In this blog, we will go over the system tasks that can be used in Verilog for a variety of purposes.
Time-consuming simulation features like @posedge and others can be found in tasks. Tasks, often known as procedures or subroutines, are used in all programming languages.
A task must be explicitly spelled out using a sentence. It cannot be utilised within an expression in the same way that a function may. Tasks may have an unlimited number of inputs and outputs.
Tasks are specified in the module where they will be used. It is possible to declare a task in a separate file and use the generated directive to instantiate the task, including the task in the file.
We go through system chores such as file output, showing hierarchy, strobing, random number generation, memory initialization, and value change dump.
Display/Write Task
To write to files, the system tasks $fdisplay, $fmonitor, $fwrite, and $fstrobe are needed. These activities use the same syntax as standard system tasks like $display, $monitor, and so on, but they also have the ability to write to files.
Only $fdisplay and $fmonitor tasks will be considered.
Usage: $fdisplay(<file_descriptor>, p1, p2 ….., pn);
$fdisplay(<file_descriptor>, p1, p2 ….., pn);
Variables, signal names, or quoted strings can all be used.
A file descriptor is a multichannel descriptor that can be a single file handle or a bitwise combination of several file handles. In that case, Verilog will write the output to all files that have a 1 in their file descriptor.
Any level of hierarchy can be displayed by using the %m option in any of the display jobs, $display, $write, $monitor, or $strobe. This is a really handy option.
When many instances of a module run the identical Verilog code, for example, the %m option distinguishes which model instance the output is coming from. The %m option in the display tasks requires no arguments.
$display and $write both display arguments in the order they occur in the argument list.
$write(<list_of_arguements>);
$write does not attach the newline character to the end of its string, although $display does, as illustrated in the sample below.
Let’s have a simple example to understand it better.
module tb; initial begin $display ("this ends the line "); $write ("This does not end the line,"); $write ("To start new line, use newline char"); end endmodule
Fig 1: Output of Display/Write Task
From Figure 1, which shows the output of the above example, we can easily understand the basics related to it.
Stop Task
To pause simulation, use the $stop system task. When called, it suspends the simulation, prints the simulation time, and prints the location.
Optional expressions can be used to specify the type of printed message:
Expression | Message |
0 | No message |
1 | Simulation time and location |
2 | Simulation time, location, memory consumption and CPU time used in simulation. |
The number 1 is used by default.
$stop ;
It Suspend simulation and print message (default argument = 1).
Finish Task
The $finish system task leaves the simulator and returns control to the operating system at the end of the simulation.
It uses the same default value as the $stop system job and can be run with the same parameters.
#150 $finish(2) ;
The simulator exits the simulator after 150 time units from the previous command executed and outputs the message (argument == 2).

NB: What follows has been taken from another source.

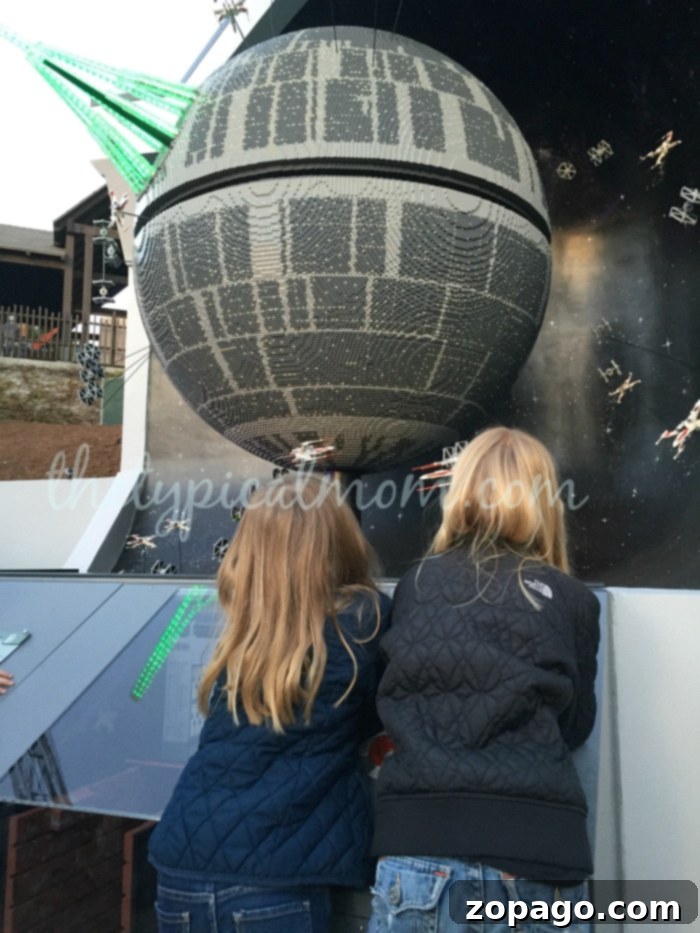 LEGOLAND Star Wars Miniland Interactive Zone Children excitedly playing and building with LEGO bricks in the interactive Star Wars Miniland area at LEGOLAND California.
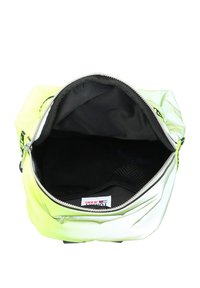 Borsa aperta nero e giallo neon con cerniera argentata, che mostra l'interno vuoto e l'etichetta Tommy Jeans all'interno.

Remember that the $finish control system job terminates the simulator, whereas $stop just suspends it.
Random Task
A random set of test vectors requires the ability to generate random numbers. Random testing is vital because it frequently uncovers hidden flaws in the design.
Random vector creation is also utilised in chip architectural performance studies. $random is a system job that generates a random number.
Usage: $random;
$random(<seed>);
The <seed> value is optional and is used to ensure that the same random number sequence is used each time the test is run. The random job generates a 32-bit random number.
Let’s go through an example to understand random tasks more clearly.
module Tb(); integer address; initial begin repeat(5) #1 address = $random; end initial $monitor("address = %d;",address); endmodule
In Figure 2, it shows the output of the following example of a random task.
Fig 2: Output of Random Task
Example:
Although all $display, $monitor, $write, and $strobe functions in System Verilog appear to be the same, there is a slight difference.
$display is the standard display that runs on its parameters wherever it appears in the code.
$display, like $write, shows the contents of the next line (the cursor moves to the next line before displaying), whereas $write shows the contents of the current line.
$strobe is only executed once in a time instant after all processes in that instant have completed.
$monitor only runs if any of its parameters change (in one instant). It will be clear if we explain this with an example.
module d11; bit a=0,b=0; initial begin a=0; b=1; $display(a,b); $strobe(a,b); b=0; a=1; $display(a,b); $write(a,b); $display(a,b); #1 b=1; end initial $monitor($time,&quot;ns: &quot;,a,b); endmodule
The output of the above example is shown below in figure 3.
Fig 3 Various task example
Hence, from the above example, we can easily differentiate between various tasks that are used in Verilog.
Hence, we studied and learned about various tasks used in Verilog.
Let’s summaries the whole blog in a few questions.
- What exactly is a task in Verilog?
- What exactly do you mean by “Display/Write Task”, and how do you utilize it?
- What is the difference between a stop and a finish task?
- What is a random task, and how can it be used?